### Assigned task
Please return all the records exactly, with nothing left out.

-----

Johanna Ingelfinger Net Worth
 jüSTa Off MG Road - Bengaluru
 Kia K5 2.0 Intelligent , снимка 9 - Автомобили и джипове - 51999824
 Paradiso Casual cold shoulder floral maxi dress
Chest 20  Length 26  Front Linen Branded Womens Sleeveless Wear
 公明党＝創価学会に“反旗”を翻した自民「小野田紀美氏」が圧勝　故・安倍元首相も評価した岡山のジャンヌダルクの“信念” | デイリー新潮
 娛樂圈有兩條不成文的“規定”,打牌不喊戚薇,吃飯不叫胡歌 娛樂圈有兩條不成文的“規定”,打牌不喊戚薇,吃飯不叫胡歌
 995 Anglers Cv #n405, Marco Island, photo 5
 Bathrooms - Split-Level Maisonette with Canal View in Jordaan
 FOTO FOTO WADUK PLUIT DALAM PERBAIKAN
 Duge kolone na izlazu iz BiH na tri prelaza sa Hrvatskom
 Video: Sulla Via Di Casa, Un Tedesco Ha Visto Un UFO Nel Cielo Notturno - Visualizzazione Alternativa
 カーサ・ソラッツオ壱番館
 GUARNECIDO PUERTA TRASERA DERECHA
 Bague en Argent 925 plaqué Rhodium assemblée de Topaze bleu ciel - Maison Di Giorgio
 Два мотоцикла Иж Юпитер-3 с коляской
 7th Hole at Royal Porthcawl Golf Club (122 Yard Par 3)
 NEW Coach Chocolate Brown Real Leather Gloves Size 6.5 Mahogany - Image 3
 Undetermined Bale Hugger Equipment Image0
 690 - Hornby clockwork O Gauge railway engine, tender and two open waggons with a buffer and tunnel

-----

### Written answer
Johanna Ingelfinger Net Worth
 jüSTa Off MG Road - Bengaluru
 Kia K5 2.0 Intelligent , снимка 9 - Автомобили и джипове - 51999824
 Paradiso Casual cold shoulder floral maxi dress
Chest 20  Length 26  Front Linen Branded Womens Sleeveless Wear
 公明党＝創価学会に“反旗”を翻した自民「小野田紀美氏」が圧勝　故・安倍元首相も評価した岡山のジャンヌダルクの“信念” | デイリー新潮
 娛樂圈有兩條不成文的“規定”,打牌不喊戚薇,吃飯不叫胡歌 娛樂圈有兩條不成文的“規定”,打牌不喊戚薇,吃飯不叫胡歌
 995 Anglers Cv #n405, Marco Island, photo 5
 Bathrooms - Split-Level Maisonette with Canal View in Jordaan
 FOTO FOTO WADUK PLUIT DALAM PERBAIKAN
 Duge kolone na izlazu iz BiH na tri prelaza sa Hrvatskom
 Video: Sulla Via Di Casa, Un Tedesco Ha Visto Un UFO Nel Cielo Notturno - Visualizzazione Alternativa
 カーサ・ソラッツオ壱番館
 GUARNECIDO PUERTA TRASERA DERECHA
 Bague en Argent 925 plaqué Rhodium assemblée de Topaze bleu ciel - Maison Di Giorgio
 Два мотоцикла Иж Юпитер-3 с коляской
 7th Hole at Royal Porthcawl Golf Club (122 Yard Par 3)
 NEW Coach Chocolate Brown Real Leather Gloves Size 6.5 Mahogany - Image 3
 Undetermined Bale Hugger Equipment Image0
 690 - Hornby clockwork O Gauge railway engine, tender and two open waggons with a buffer and tunnel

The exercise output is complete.